> What you should do
A word-for-word copy of the lines below, starting at the line with "Schöne stilvolle Eigentumswohnung" and ending at the last one, is what you should give. Omit every picture.

┌─ Data

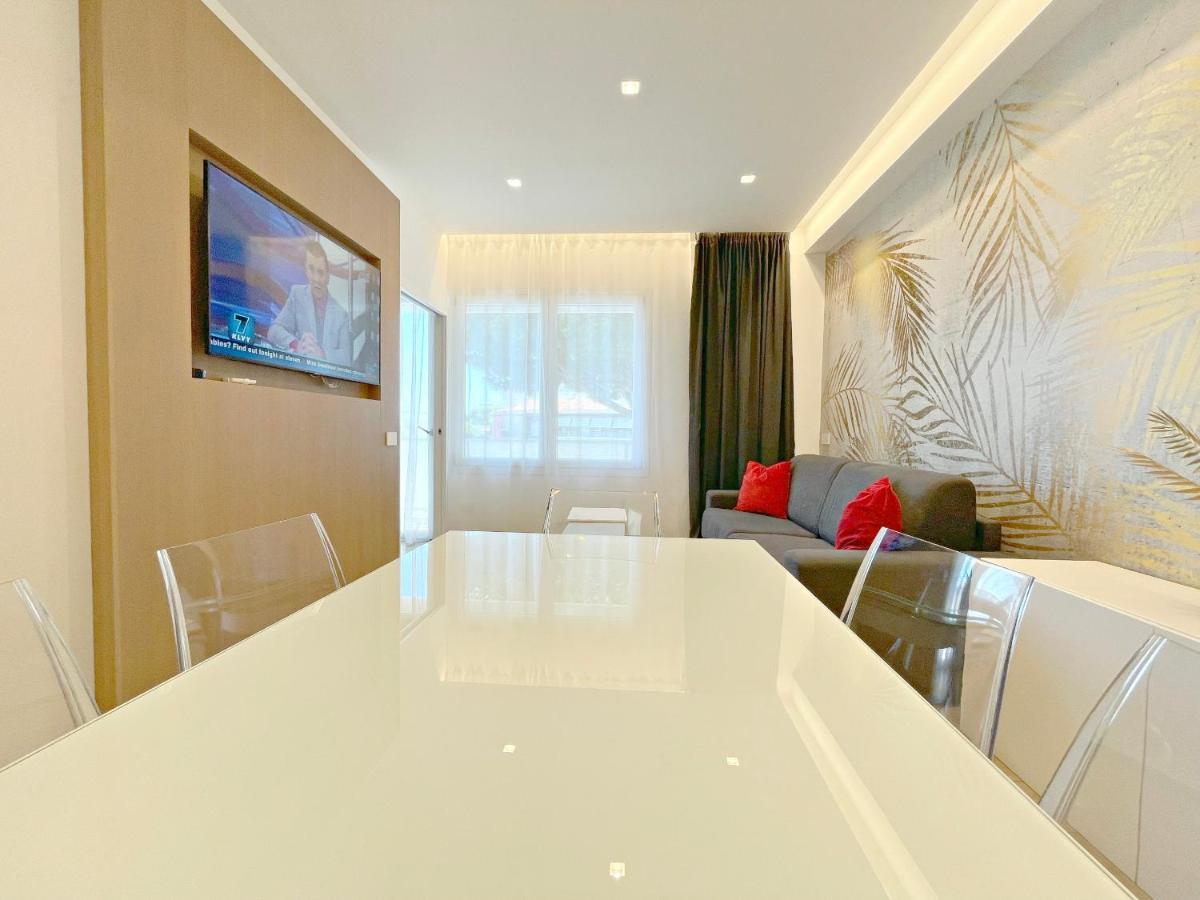 Arcioun Suite Riccione Exteriör bild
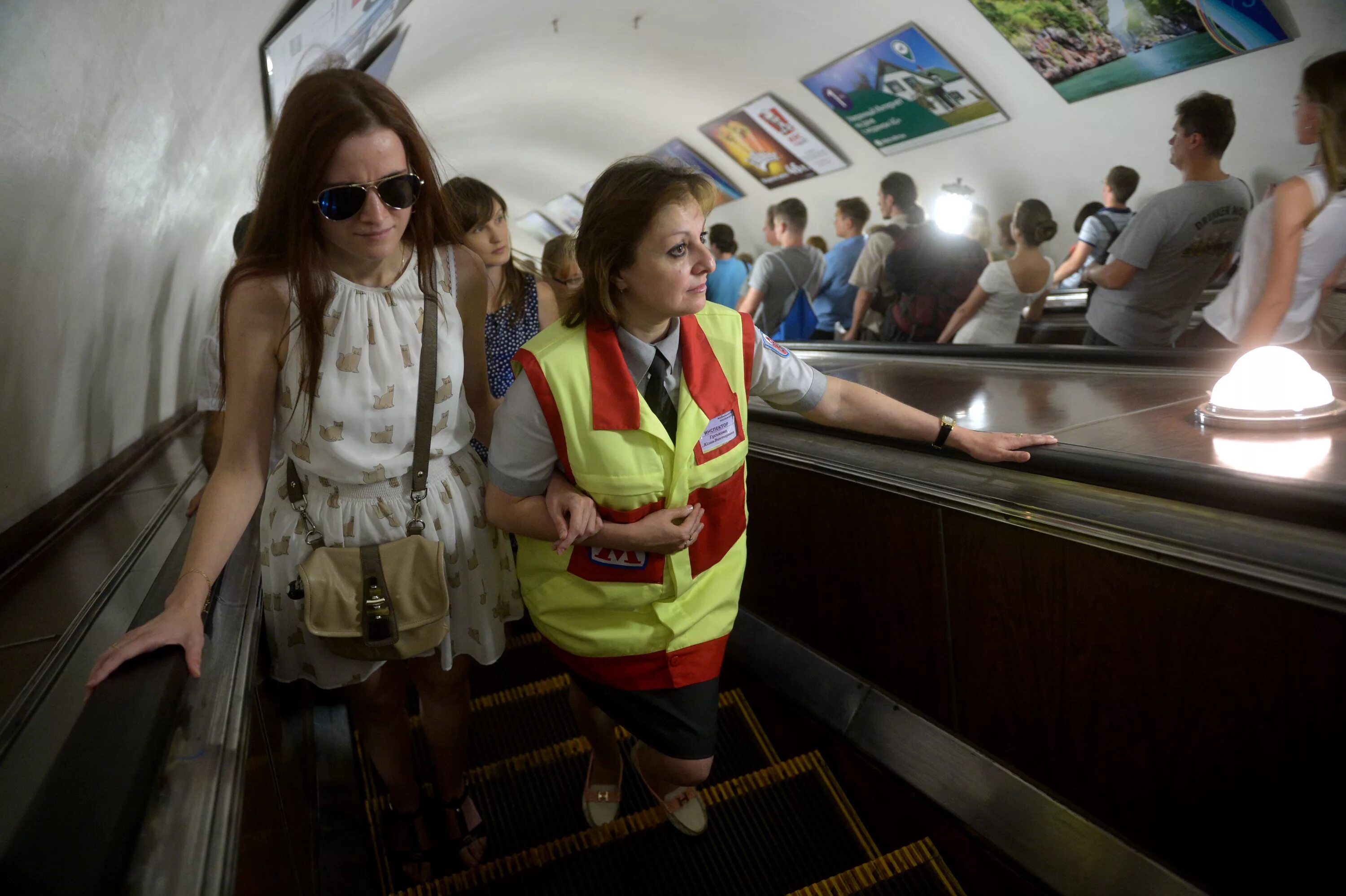 Пассажирам московского метрополитена. Центр обеспечения мобильности пассажиров Московского метрополитена. Инспектор цомп в метро. Сотрудники цомп в метро. Сопровождение в метро.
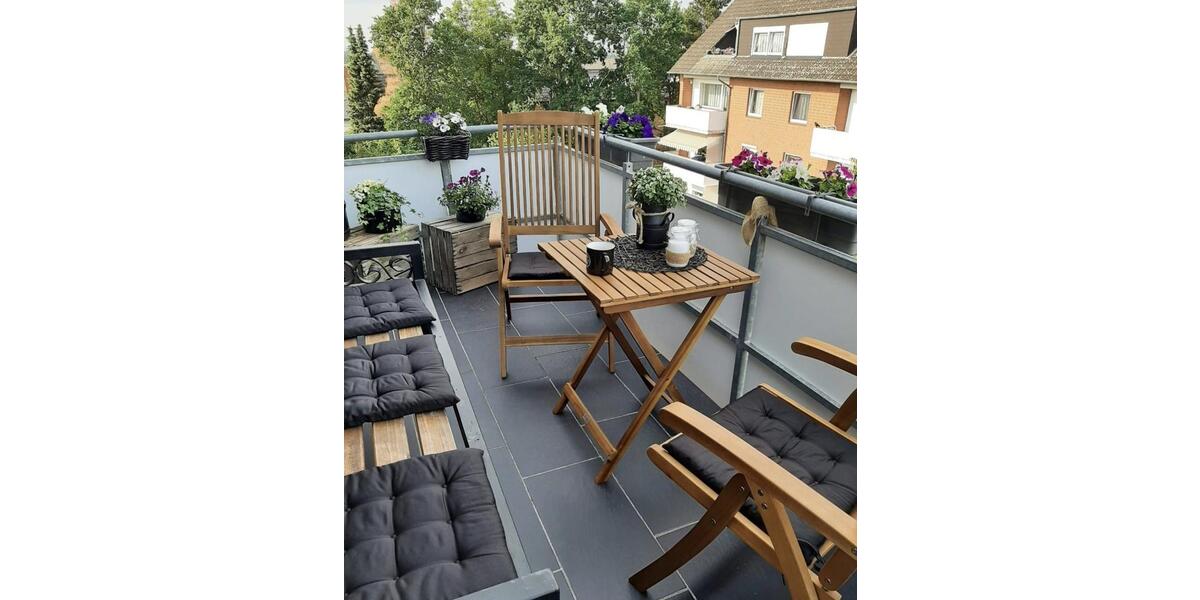 Schöne stilvolle Eigentumswohnung im DG, 3 Zi.,Balkon, Garage 3 zimmer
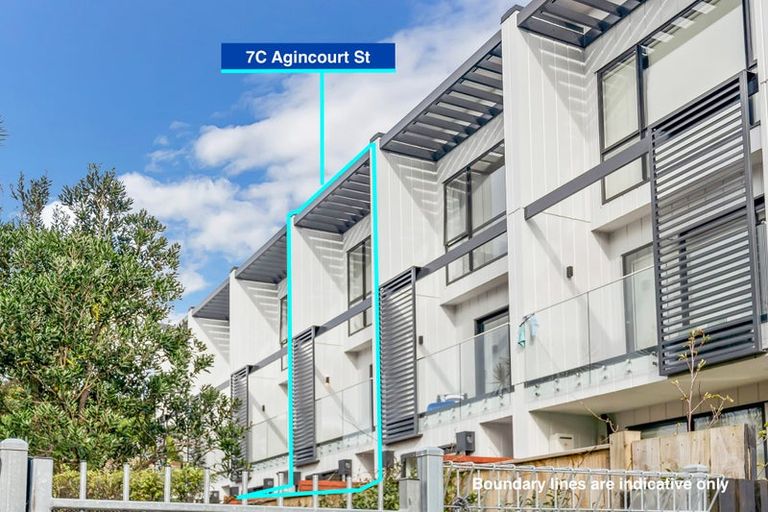 Photo of property in 7c Agincourt Street, Glenfield, Auckland, 0629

└─

> Task response
 Schöne stilvolle Eigentumswohnung im DG, 3 Zi.,Balkon, Garage 3 zimmer
 Photo of property in 7c Agincourt Street, Glenfield, Auckland, 0629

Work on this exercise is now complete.